Il y a des rencontres nécessaires, évidentes, comme des croisements de vie inéluctables. C’est ainsi que je ressens, à chaque fois, le petit choc, le mini séisme, le réveil en quelque sorte, à la sortie d’un livre qui me (re)construit. Il n’en faut pas beaucoup, quelques mots justes, quelques images magnétiques et le voyage est là…
En plongée dans l’un des bacs de mon Libraire Le Divan Jeunesse, j’avoue m’être arrêtée sur une couverture rouge et fleurie qui m’a tapée dans l’oeil… Et puis, ce titre court comme une poignée de lettres, presque malingre. Sans majuscule, sans ponctuation, en toute simplicité, comme en suspension, sans début, sans fin… Juste une injonction qui vous interpelle et vous invite à aller plus loin, à tourner la page et entrer dans l’histoire.

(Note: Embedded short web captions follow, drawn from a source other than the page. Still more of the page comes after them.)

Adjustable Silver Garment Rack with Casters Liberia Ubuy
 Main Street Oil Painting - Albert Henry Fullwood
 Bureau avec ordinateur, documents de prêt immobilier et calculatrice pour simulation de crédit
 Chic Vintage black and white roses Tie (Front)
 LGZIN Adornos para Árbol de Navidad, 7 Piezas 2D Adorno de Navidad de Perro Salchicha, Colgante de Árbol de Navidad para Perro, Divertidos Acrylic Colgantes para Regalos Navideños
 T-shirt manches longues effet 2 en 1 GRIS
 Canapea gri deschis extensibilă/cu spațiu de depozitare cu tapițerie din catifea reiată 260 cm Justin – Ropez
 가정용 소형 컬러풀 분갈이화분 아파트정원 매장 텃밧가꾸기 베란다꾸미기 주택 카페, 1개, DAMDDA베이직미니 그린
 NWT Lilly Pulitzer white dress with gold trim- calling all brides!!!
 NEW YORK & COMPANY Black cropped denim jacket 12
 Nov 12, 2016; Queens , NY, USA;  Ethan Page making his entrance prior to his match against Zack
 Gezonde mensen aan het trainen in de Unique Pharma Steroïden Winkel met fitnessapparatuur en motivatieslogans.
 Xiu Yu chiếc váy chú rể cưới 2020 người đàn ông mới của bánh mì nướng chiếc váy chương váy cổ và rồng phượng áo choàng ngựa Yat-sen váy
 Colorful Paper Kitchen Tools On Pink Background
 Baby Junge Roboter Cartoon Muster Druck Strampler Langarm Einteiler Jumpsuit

L’enfant était assis là sur son île.
Il regardait le monde et réfléchissait.
J’avoue avoir souri en lisant le nom de l’auteur et celui de l’illustrateur, mise en appétit par leur talent respectif et par la curiosité de les découvrir dans un exercice inédit pour moi. Et j’ai plongé. En apnée. Pendant quelques secondes, quelques minutes, je ne sais plus, le temps s’est arrêté pour que j’écoute ce que cet enfant, depuis son île, le ventre rond de sa mère, avait à dire, à me dire. Un constat sur les maux de la planète, comme un manifeste, brutal mais terriblement juste, et toujours cruellement d’actualité.
L’enfant vit la misère.
Il se dit il faudra apprendre à additionner, soustraire et multiplier, et puis à diviser.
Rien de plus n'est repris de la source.